In 2 Corinthians 1:17-18, when his travel plans changed, he defends himself:
“Did I make my plans lightly? Or do I make my plans in a worldly manner, so that in the same breath I say ‘Yes, yes’ and ‘No, no’? As surely as God is faithful, our message to you is not ‘Yes’ and ‘No.’”
He refuses to be double-tongued. He understands that ministry without integrity is noise.
James echoes this even more bluntly (James 5:12):
“Above all, my brothers, do not swear - not by heaven or by earth or by anything else. Let your ‘Yes’ be yes, and your ‘No,’ no, so that you may not fall under judgment.”
Notice the gravity: judgment. Because speech is not vapor. It is covenantal.
Every time you speak, you are constructing reality. In Hebrew thought, a word (davar) is also a thing. Speech becomes substance. Break enough vows and three things happen:
Others stop trusting you.
You stop trusting yourself.
And before God, your instability is exposed.

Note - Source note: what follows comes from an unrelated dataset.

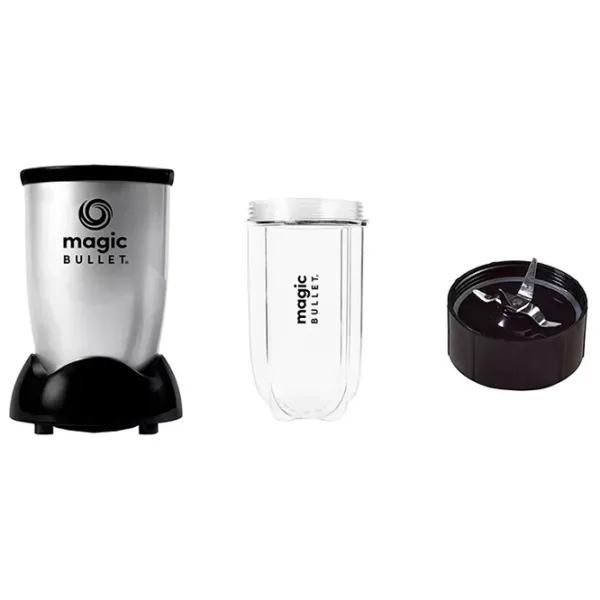 Стационарный блендер Nutribullet MBR03S 200 Вт / Нержавеющая сталь photo 5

And once trust erodes, influence evaporates. You become someone whose words are informational, not binding.
The opposite is also true.
A person who speaks carefully, commits deliberately, and follows through consistently becomes powerful. Not loud. Not dramatic. Powerful. Because when they say, “I will,” it happens.
That is covenant character.
Before you speak, ask:
Am I willing to be bound by this?
Have I counted the cost?
Am I saying this to please someone?
Am I saying this to avoid discomfort?
Am I saying this because I fear their reaction?
Am I willing to accept the consequences if I fail?
If the answer is fear, insecurity, or approval-seeking, be silent. Silence is better than a broken vow. It is better to say, “I cannot commit to that,” than to say yes and later repent. Indeed, repentance repairs relationship, but repeated fracture weakens structure.
Words are not small. Abba spoke, and light existed. You speak, and obligation exists.
A neder is not about religious intensity. It is about understanding that speech creates moral architecture. Yeshua calls us to such integrity that vows become rare because reliability becomes normal. Paul calls us to consistency so that we are not “Yes and No” in the same breath. The Torah warns us that when we bind ourselves, we are accountable.
So guard your mouth.
Do not set apart lightly what you are not prepared to treat as holy.
Let your yes be yes.
Let your no be no.
And when you do bind yourself, keep it. Because in the Kingdom, words are never casual. Even when we think it doesn’t matter, it does:
Matthew 12:36 “Moreover, I tell you this: on the Day of Judgment people will have to give account for every careless word they have spoken; 37 for by your own words you will be acquitted, and by your own words you will be condemned.”
Not just formal vows. Every word.
Idle words are not harmless.
They are vows without intention.
They are oaths without courage.
They are creative power misused.
And Yeshua says we will answer for them.
So do not speak lightly.
If you say yes, mean it.
If you say no, stand by it.
If you bind yourself, keep it.
Because in the Kingdom, words are never casual.
They either reveal faithfulness -- or they reveal who you truly are.
So ask yourself again:
Are you an honest person?
Are you a trustworthy person?
Your answer will be revealed by your words.